Theater Basel, Schauspielhaus
Premiere
"Die Zofen"
Autor: Jean Genet
Regie: Susanne Heising
Bühne: Martina Ehleiter
Mit Isabelle Menke, Johanna Falckner, Claudia Jahn
Das böse Spiel
Sie beschimpfen, beissen und schlagen sich. Sie spucken sich oft ins Gesicht, die Eine der Anderen, die Claire der Solange und retour, und grinsen dabei. Ist die Madame aus dem Haus, tanzen die Zofen ihre Choreographie der Unterwerfung. Zofe Solange (Menke) im engen Lederjupe wirft sich ergeben wie ein Mönch flach auf den Bauch, vor ihrer Zofenschwester Claire (Falckner), die sich Fummel und Klunker von Madame gleich schichtweise übergezogen hat, und auf dem Bett von Madame einen sonderbaren Tanz der sieben Schleier vollzieht. Sie monologisiert gespreizt von ihrem Liebsten, dem sie bis ans Ende der Welt folgen wolle.

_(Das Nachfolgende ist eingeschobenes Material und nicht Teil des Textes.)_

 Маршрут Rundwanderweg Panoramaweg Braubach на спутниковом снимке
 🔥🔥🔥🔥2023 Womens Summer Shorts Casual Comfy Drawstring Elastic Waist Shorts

Claire spielt nicht bloss Madame, sie darf, ja soll, ja muss jetzt Madame sein, und Solange richtig demütigen: Ihr etwa eine Affäre mit dem Milchmann vorhalten. Das alles ist natürlich der pure Inzest, und der Milchmann ist eben bloss der "Milchmann": Eine Schablone mit schlüpfrigem Klang, um das geschwisterliche Spiel mit Verachtung, Hass, Geilheit auf der Negativspirale einen Zacken weiter zu treiben.
Aber die Choreographie hat sich abgenutzt. Das Leben ist längst vorbeigezogen an den älter gewordenen Mädchen, hier auf der Kleinen Bühne eingesperrt in einem eiskalten Designer-Loft mit hohem Maschendrahtzaun und Lilien, beleuchtet von einem grellen Weiss, das schmerzt, aber nichts wirklich erhellt. Wenn sich also Menke und Falckner angrinsen, dann grinsen sie mit leeren Augen. Das böse Spiel, das dauernd gespielt werden muss, weil es eben gespielt werden muss, ist das Einzige geblieben, es wird siegen, sie mussten es steigern, und so endet es tödlich. Den Liebsten von Madame haben sie bei der Polizei verleumdet, Mordanschläge haben sie geplant. Die Todesangst, die Menke ihrer Solange ins Gesicht schiessen lässt, ist ein toller Kick. Ihm bleibt sie verpflichtet. Am Ende steht da eine Tasse mit vergiftetem Lindenblütentee für Madame. Madame ist es nicht, die sie austrinkt.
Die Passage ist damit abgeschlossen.